Game developers are fundamentally human. They care about people playing games, nothing more nothing less. You don't need to necessarily make your game have the latest and greatest graphical glitz. If they can make their game run smoothly on your hardware, they won't care if it's in a VM inside a Virtual Box on a cloud server, under the sea.

Minecraft is written in Java. There were games written in (at least partially) Haskell/Erlang/Ruby/Lisp. Unity3D is based on C#, etc. If tradeoffs are worth it, they'll do it.


While developers surely are, game development companies are not fundamentally human. Now that Bobby Kotick has finished running Blizzard and the FPS genre into the ground, Valve is pretty much the only major publisher left that hasn't been overrun by IP lawyers and MBAs. Minecraft is a great game, but it's not a good representative of the average successful game. Developers make games because they want people to play them, but unfortunately, the only ones who have any control over what they are doing are the indie devs.

We already have indie / casual games on Linux.

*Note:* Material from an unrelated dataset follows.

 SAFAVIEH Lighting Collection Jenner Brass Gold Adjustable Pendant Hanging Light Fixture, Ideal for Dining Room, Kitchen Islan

That's not enough to make Linux a legitimate platform.


That usually only applies to performance-intensive code like rendering, physics, pathfinding, etc.

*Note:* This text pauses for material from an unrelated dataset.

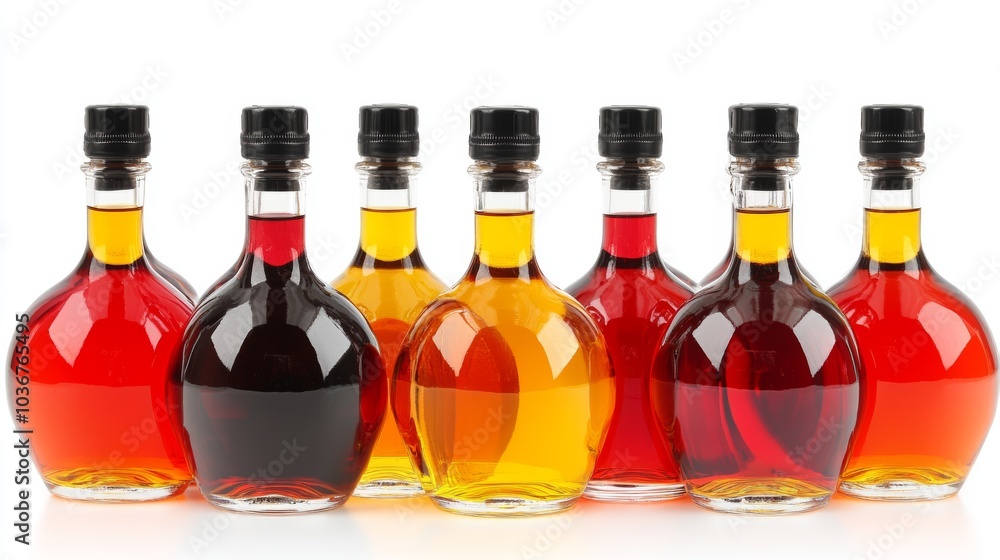 Row of Colorful Glass Bottles with Liquids Red Yellow and Brown Row of Colorful Glass Bottles with Liquids Red Yellow and Brown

The actual gameplay is often implemented using scripting. For example, with Unity you write games in C# (with Mono) using their engine, and it's still fast enough to work on cellphones.

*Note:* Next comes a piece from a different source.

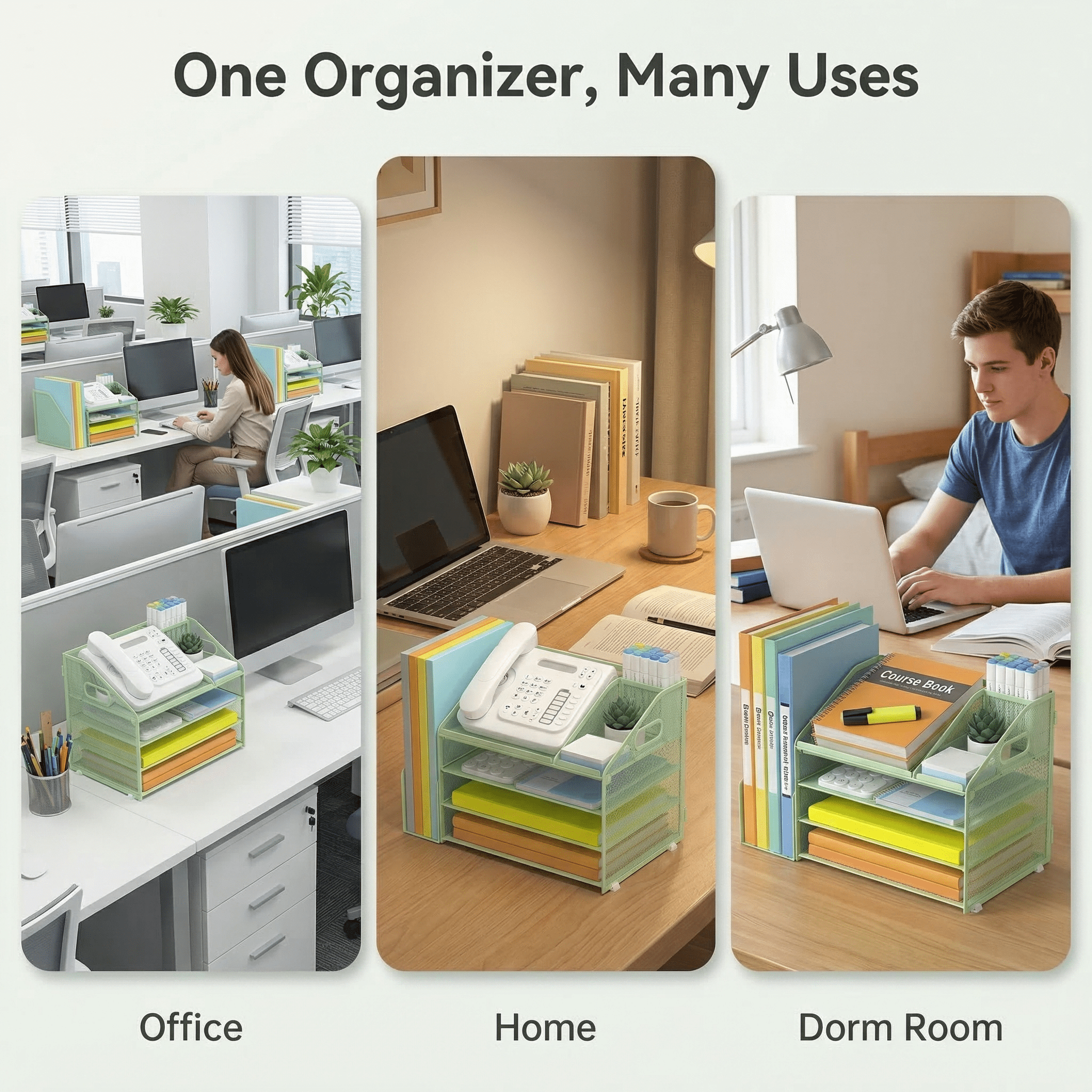 Yinghua 4-Tier Paper Letter Tray File Organizer, Mesh Desk Organizer with Handle & Pen Holder, Office Workspace Storage - Green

There used to be a time when game developers didn't use "high-level" languages like C++ at all. But in the end they moved to them because of other benefits they got, and most of them slowly started to realize that with the hardware getting faster and faster, it's a good trade-off to make. They might think that again.


You are correct. The mainstream gaming industry would have absolutely no interest in developing for a VM, because developing games is kind of like a nuclear arms race.

Unless someone finds a way to get Next-Gen 3d Engines to run in a VM without a performance hit of even 1%, its not going to happen.


And what would the point be? Massive loss of performance by going through a VM - only to save 30 bucks on licence cost for e.g. Windows? Any game dev wants the most performance they can get their hands on.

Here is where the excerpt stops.